[Items from a data source]
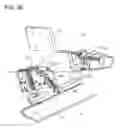Fig. 32 - Manufacturing apparatus and manufacturing method of electrical rotating machine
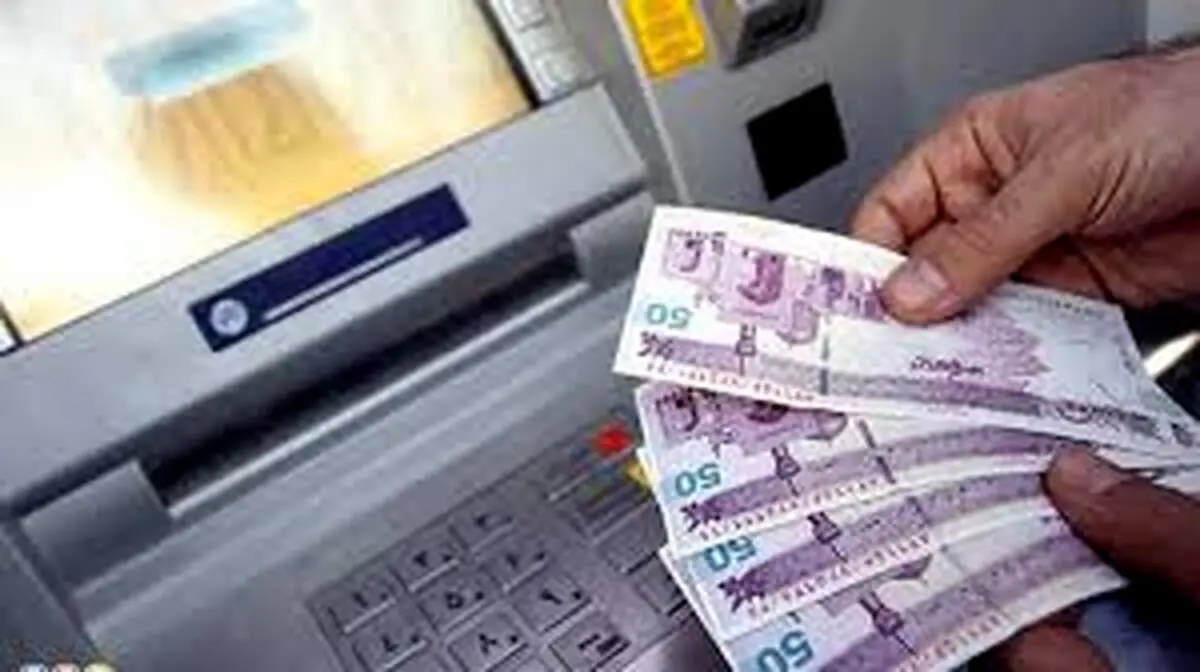 کمک ۱۳ میلیون تومانی به خانواده‌ها پس از تولد فرزند چهارم + جزئیات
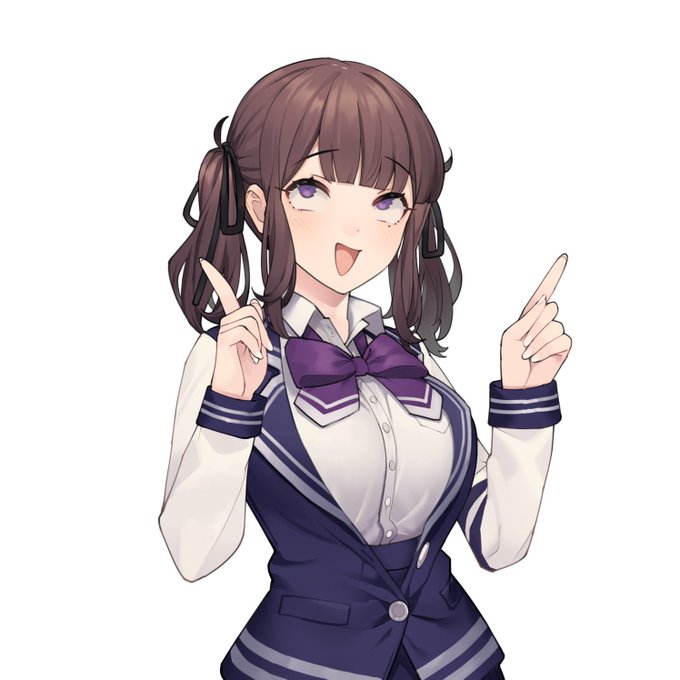 労働中ずっとこの顔してる 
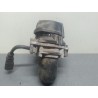 PORSCHE AUXILIARY AIR PUMP PORSCHE Cayenne 2003>2007 used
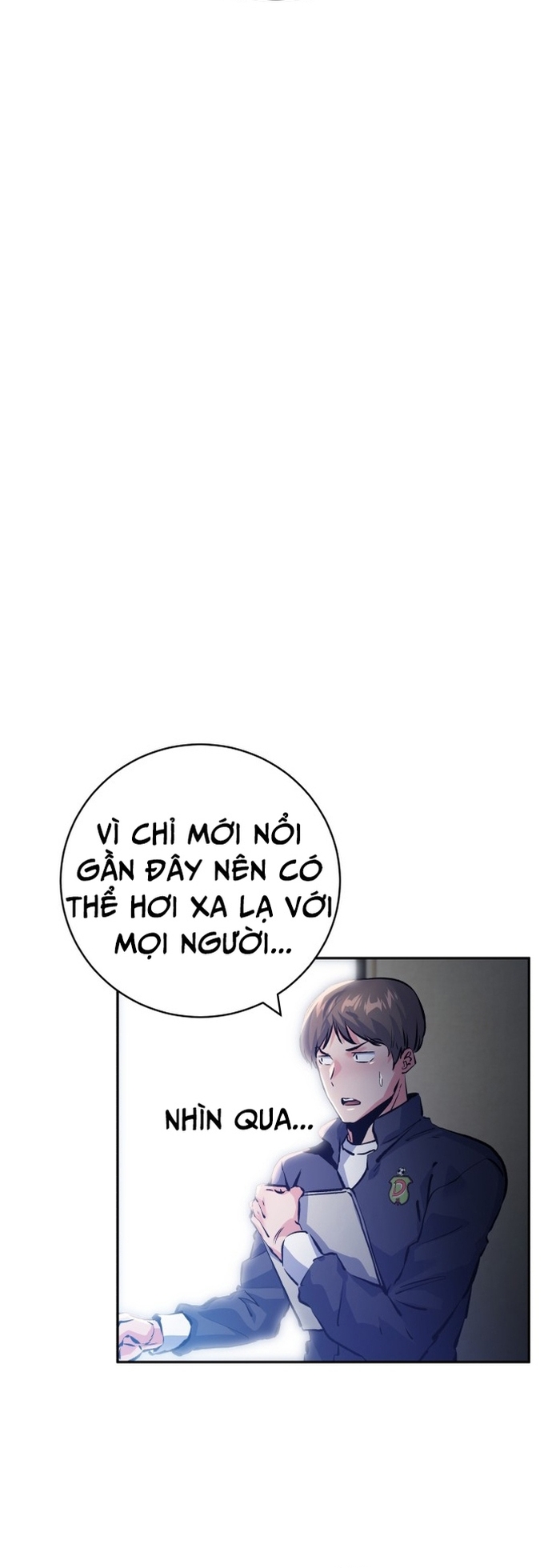 Chương 215 - Trang 4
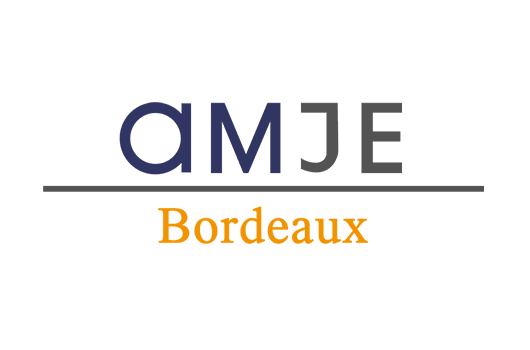 Arts et Métiers Junior Etudes Bordeaux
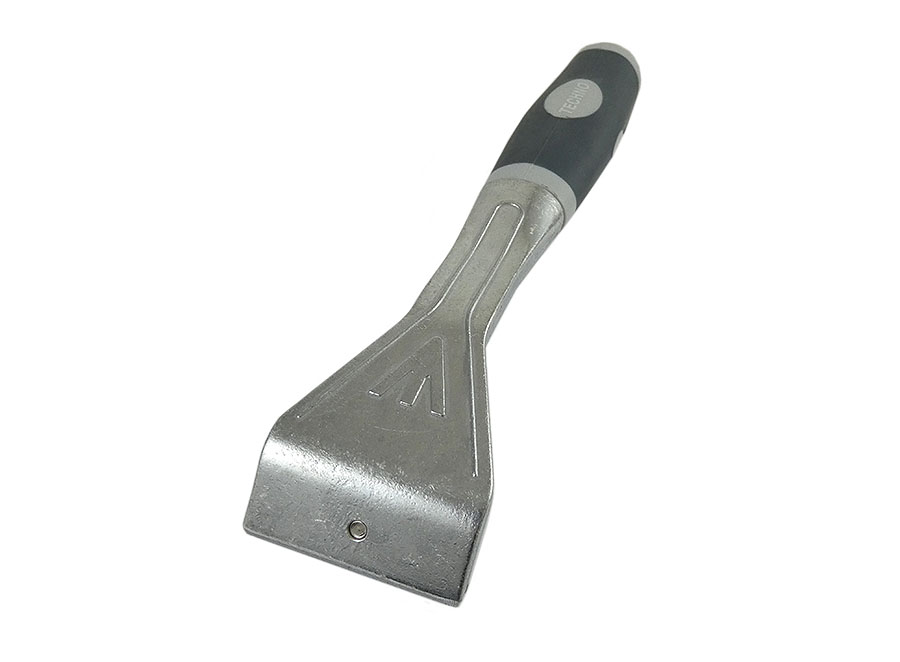 Farbschaber Hartmetall 50 mm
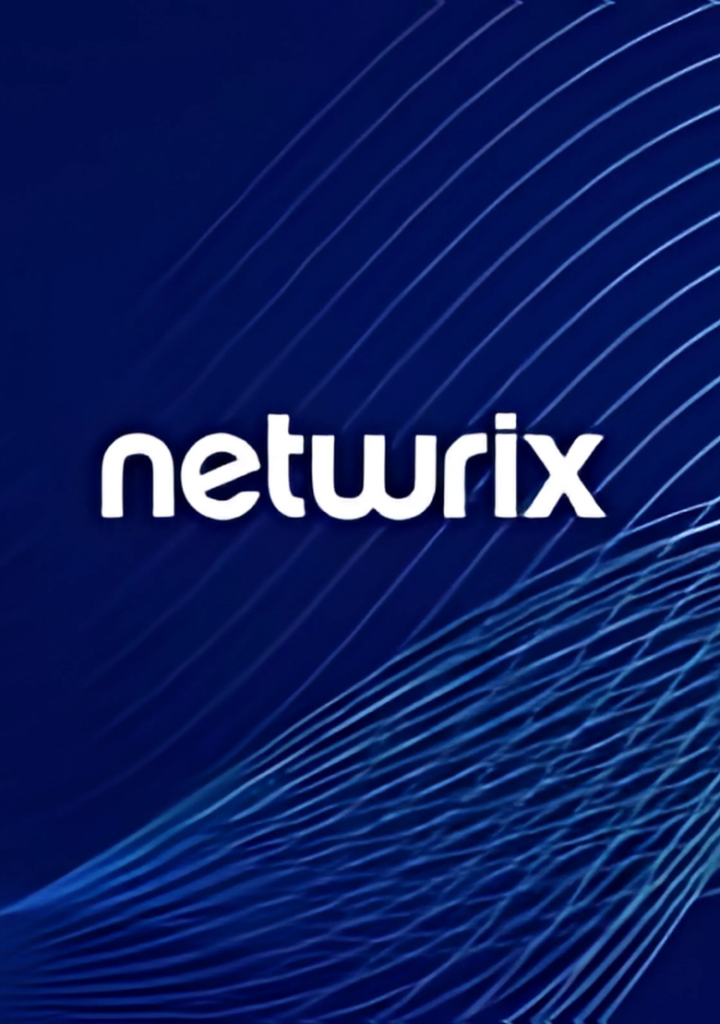 Netwrix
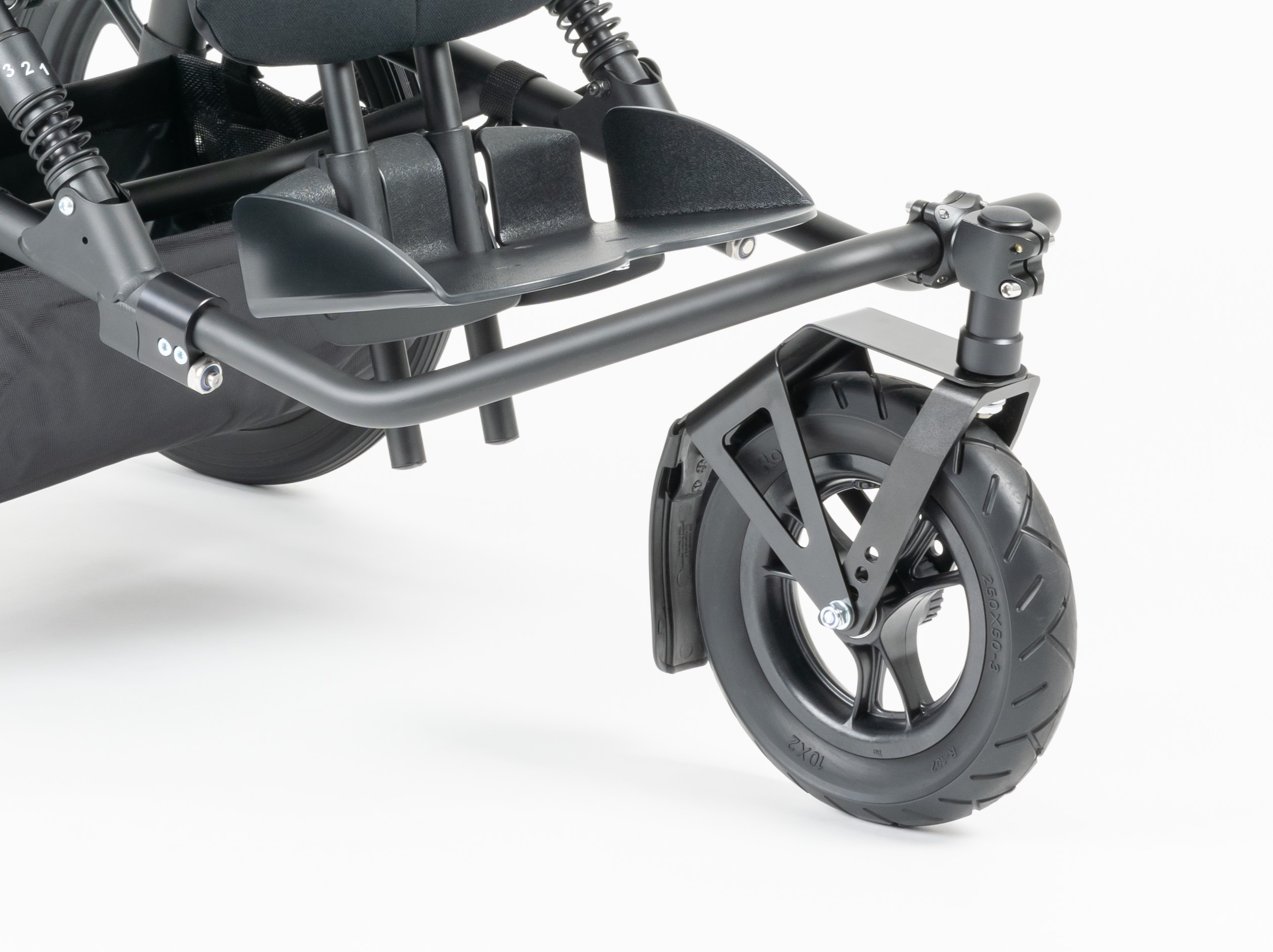 Hoggi Bingo Switch - Image 6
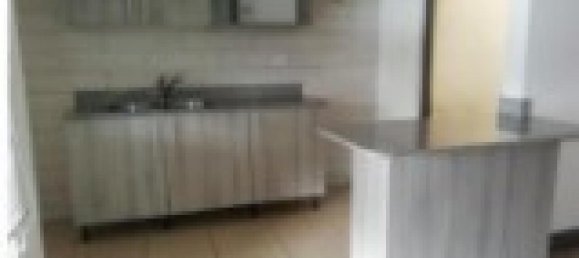 Casa T3 em Sabanilla, Costa Rica N.º 419 6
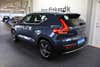 Volvo XC40 T5 ReCharge Inscription aut. thumbnail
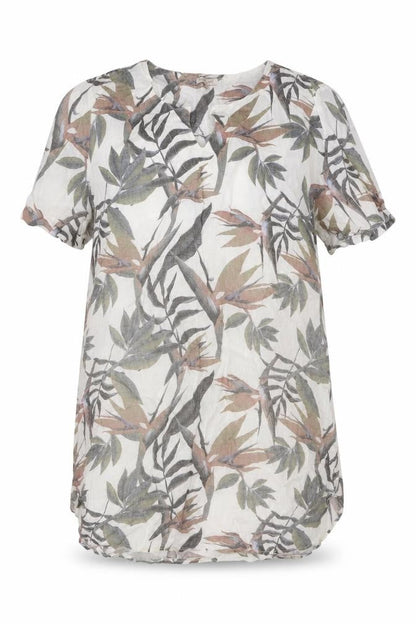Womens UK Size 2XL Marisa & Marie Shift Dress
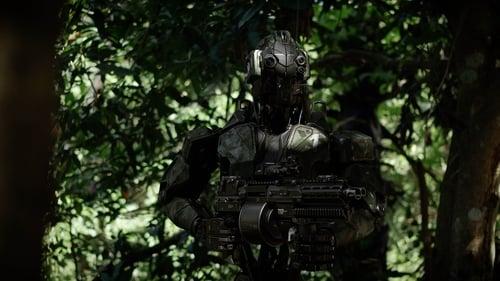 Žmonių pabaisos filmas žiurėti online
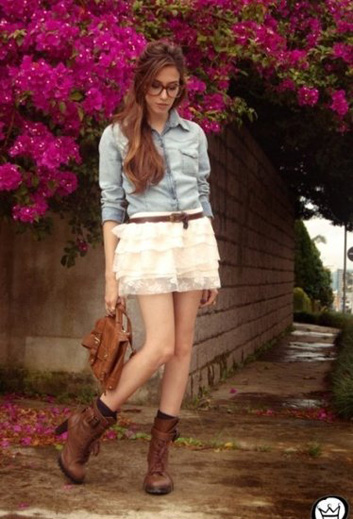 ���С��+����ȹ�� �pӯ����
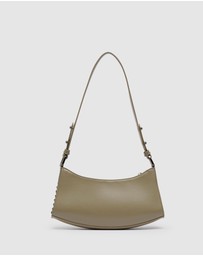 Nine West - Emily Bag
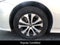 2022 Toyota Prius Prime XLE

# [Work item]
Extract only the lines from the line containing "Arts et Métiers Junior Etudes Bordeaux" through the final line of the records; keep both ends and drop every picture.

# [Task solution]
 Arts et Métiers Junior Etudes Bordeaux
 Farbschaber Hartmetall 50 mm
 Netwrix
 Hoggi Bingo Switch - Image 6
 Casa T3 em Sabanilla, Costa Rica N.º 419 6
 Volvo XC40 T5 ReCharge Inscription aut. thumbnail
Womens UK Size 2XL Marisa & Marie Shift Dress
 Žmonių pabaisos filmas žiurėti online
 ���С��+����ȹ�� �pӯ����
 Nine West - Emily Bag
 2022 Toyota Prius Prime XLE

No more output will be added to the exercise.